E il gioco pubblico? Ebbene, le imprese del mondo del gioco non compaiono nella lista. E il motivo è più che banale: perché in un contesto iper-regolato come quello del gioco di Stato, diventa praticamente impossibile “fare nero”. Sì, perchè ogni transizione in ogni prodotto di gioco, che sia fisico oppure online, viene tracciata dal Fisco e – addirittura – immediatamente assogetata al Prelievo erariale. Non c'è quindi modo di svadere, se non ovviamente praticando un'attività del tutto illecita, come quella di una bisca clandestina, che naturalmente sarebbe un caso analogo alla gestione di una lavanderia in casa propria, a un'officina meccanica in un garage privato o ad altre attività come usura, e così via. Ma qui siamo in un altro campo. Mentre il punto in questione è che nel gioco pubblico è impossibile praticare quell'abituale attività italiana del: “faccio fattura oppure sconto e paga cash”. Ecco quindi che il gioco appare, in questo senso (e non è neppure l'unico!) come un comparto virtuoso, anche se nessuno sembra accorgersene. Anzi, doppiamente virtuoso se si tiene anche conto del fatto che il settore del gioco diventa, al contrario, un modo straordinario per re-immettere capitali “neri”, generati da altri settori di cui sopra, nel circuito dello Stato, visto che chi ha denari liquidi ha più capacità di spesa e può quindi più serenamente sfidare la sorte in un prodotto di gioco per guadagnare qualcosa di più. In quel sistema che una mente illuminata come quella di Luigi Einaudi definì – forse anche troppo severamente - “la tassazione degli stolti”, indicando questo principio di auto-tassazione degli italiani attraverso il gioco d'azzardo (che all'epoca, per la cronaca, già esisteva, eccome, e non è affatto un'invenzione recente, a proposito di errate percezioni). Perché diciamo questo? Perché con tutta probabilità, se provassimo a chiedere agli italiani qual è il settore dove, secondo loro, si evade per la maggiore, forse molti indicherebbero proprio quello del gioco, per via della cattiva immagine di cui parlavamo sopra. Ecco perché il comparto deve lavorare seriamente alla costruzione di una propria immagine e al rapporto con politica e istituzioni, provando a scrivere anche un patto con la cittadinanza e con il Terzo settore, che può passare esclusivamente attraverso la conduzione di serie e concrete campagne di prevenzione, educazione e formazione, come fortunatamente abbiamo iniziato a sentir parlare negli ultimi anni e mesi.
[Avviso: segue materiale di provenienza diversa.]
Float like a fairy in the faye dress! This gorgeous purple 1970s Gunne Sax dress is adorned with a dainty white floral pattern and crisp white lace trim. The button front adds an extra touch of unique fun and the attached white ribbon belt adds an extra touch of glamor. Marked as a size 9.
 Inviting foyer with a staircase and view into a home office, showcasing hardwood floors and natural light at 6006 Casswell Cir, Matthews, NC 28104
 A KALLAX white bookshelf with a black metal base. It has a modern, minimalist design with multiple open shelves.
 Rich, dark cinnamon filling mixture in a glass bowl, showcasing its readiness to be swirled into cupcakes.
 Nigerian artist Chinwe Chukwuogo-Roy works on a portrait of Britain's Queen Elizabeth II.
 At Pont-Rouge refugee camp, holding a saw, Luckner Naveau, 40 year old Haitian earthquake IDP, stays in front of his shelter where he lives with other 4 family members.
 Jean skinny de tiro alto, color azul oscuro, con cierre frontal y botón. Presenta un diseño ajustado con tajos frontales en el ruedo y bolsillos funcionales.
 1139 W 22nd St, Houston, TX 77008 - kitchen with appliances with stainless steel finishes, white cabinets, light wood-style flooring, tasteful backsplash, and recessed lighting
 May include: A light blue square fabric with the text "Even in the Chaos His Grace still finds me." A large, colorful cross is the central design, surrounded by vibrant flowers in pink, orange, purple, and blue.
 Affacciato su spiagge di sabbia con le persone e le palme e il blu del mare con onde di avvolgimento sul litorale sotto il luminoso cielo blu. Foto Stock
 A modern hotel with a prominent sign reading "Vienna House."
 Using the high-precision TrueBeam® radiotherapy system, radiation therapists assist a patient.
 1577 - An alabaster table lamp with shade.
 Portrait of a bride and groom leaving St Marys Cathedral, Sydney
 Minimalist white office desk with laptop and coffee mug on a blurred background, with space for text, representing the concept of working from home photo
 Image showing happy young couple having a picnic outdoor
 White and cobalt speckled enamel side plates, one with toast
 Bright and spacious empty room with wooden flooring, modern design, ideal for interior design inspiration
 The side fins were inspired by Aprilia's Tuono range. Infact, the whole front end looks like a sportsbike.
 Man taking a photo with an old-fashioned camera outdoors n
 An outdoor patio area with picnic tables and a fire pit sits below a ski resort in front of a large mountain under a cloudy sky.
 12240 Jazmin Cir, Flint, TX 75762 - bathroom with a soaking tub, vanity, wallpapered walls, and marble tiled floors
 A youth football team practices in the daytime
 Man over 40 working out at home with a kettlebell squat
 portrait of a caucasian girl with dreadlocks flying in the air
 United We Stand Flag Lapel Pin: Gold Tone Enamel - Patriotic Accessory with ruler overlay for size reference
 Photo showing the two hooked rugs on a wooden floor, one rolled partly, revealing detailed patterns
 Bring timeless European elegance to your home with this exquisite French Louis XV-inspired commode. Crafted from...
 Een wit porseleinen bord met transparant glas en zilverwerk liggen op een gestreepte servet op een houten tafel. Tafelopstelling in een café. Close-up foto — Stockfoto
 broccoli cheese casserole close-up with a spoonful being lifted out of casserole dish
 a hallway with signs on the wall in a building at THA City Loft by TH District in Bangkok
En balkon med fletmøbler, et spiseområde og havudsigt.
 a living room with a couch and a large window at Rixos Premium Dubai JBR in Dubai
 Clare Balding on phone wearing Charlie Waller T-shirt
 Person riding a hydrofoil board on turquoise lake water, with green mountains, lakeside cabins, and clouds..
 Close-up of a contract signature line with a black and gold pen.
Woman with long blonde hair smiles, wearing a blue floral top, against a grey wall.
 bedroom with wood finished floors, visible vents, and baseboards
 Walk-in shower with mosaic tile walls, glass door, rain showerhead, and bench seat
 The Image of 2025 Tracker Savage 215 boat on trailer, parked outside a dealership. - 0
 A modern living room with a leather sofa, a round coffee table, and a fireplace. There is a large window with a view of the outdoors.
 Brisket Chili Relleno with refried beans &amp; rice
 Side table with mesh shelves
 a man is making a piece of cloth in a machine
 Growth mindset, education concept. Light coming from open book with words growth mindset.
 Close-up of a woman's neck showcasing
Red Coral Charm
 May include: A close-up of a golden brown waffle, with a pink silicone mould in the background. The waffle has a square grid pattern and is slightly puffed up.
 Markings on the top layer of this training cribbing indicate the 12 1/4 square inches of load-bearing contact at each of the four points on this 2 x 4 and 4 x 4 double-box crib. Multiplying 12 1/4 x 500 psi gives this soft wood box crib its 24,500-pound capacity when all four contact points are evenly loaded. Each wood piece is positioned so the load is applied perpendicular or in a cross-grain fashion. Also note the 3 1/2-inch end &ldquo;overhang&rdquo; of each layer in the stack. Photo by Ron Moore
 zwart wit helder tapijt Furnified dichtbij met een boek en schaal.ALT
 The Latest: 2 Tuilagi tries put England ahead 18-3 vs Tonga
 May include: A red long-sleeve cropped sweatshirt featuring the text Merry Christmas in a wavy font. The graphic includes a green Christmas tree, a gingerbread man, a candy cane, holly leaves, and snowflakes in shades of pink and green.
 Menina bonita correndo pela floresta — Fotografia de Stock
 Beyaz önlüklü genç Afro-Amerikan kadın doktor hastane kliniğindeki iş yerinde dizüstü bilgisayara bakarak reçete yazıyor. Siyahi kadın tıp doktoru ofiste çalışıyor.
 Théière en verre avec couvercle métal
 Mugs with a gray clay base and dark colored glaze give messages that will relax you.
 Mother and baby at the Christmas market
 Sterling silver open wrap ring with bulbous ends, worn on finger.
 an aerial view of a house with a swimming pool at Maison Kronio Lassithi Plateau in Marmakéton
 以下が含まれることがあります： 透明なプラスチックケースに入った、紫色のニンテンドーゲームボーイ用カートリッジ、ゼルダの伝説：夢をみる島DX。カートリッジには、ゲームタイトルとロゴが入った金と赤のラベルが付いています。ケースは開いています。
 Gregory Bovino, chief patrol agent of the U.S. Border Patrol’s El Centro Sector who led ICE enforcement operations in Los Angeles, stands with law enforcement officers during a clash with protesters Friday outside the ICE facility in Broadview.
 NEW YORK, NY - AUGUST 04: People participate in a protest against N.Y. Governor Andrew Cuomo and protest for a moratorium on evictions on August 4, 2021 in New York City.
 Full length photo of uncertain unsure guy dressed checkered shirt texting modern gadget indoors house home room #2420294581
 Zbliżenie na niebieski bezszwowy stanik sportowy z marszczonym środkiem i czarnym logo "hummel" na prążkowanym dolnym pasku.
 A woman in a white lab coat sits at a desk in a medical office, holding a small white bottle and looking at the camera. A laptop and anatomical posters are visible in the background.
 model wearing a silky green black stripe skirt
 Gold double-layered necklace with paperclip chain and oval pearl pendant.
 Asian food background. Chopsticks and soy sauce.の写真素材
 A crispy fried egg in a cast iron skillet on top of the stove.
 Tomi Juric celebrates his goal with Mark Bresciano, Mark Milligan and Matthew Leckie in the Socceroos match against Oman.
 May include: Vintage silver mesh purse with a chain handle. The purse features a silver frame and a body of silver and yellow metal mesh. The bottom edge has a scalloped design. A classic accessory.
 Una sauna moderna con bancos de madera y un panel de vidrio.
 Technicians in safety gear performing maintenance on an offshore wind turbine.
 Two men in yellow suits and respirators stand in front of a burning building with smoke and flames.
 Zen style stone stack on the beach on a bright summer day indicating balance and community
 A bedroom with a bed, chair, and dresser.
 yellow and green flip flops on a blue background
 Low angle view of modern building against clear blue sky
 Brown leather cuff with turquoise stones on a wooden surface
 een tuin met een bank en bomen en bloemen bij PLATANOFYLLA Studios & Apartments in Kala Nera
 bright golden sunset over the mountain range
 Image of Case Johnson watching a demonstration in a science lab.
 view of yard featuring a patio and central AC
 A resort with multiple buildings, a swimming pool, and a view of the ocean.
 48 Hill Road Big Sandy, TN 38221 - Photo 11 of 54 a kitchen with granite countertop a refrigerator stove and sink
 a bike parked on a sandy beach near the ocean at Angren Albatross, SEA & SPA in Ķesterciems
Il cambiamento: nel gioco (nel fisco) e nella politica
Provando infine a unire tutti i puntini che abbiamo disseminato in queste poche righe di editoriale e cercando di tirare qualche somma, possiamo soltanto sottolineare l'importanza della riforma fiscale avviata da questo esecutivo attraverso la legge delega con la quale l'esecutivo intende, in primis, cercare di contrastare e arginare l'evasione, sempre più diffusa, e incrementare le attività di accertamente e recupero: ma al tempo stesso, e allo stesso scopo, con la stessa legge, intende anche riformare il comparto del gioco pubblico, per tracciare le basi di quel patto che abbiamo appena descritto, in logica di piena sostenibilità. In questo senso, dunque, il risultato delle recenti elezioni (astensionismo a parte) permette allo stesso esecutivo guidato da Giorgia Meloni di uscire rafforzato, potendo così portare avanti e sperabilmente a termine tutti gli obiettivi prefissati, tra i quali anche quelli fiscali e sul gioco. Anche se le conseguenze potrebbero arrivare in termini di equilibri interni alla maggioranza, dove i differenti “pesi” dei singoli partiti subiscono variazioni sopo il voto comunitario. Proprio come accade in Europa, dove la cosiddetta “Maggioranza Ursula” rimane stabile, sia pure rivisitata nei numeri e nella composizione delle singole parti.
E' arrivato quindi il momento di fare politica, per la politica, essendo finita l'ennesima campagna elettorale (peraltro, senza vincitori, ma solo con una serie di scontiffi). E per il governo, quello di governare, per i prossimi anni che rimangono al termine della legislatura.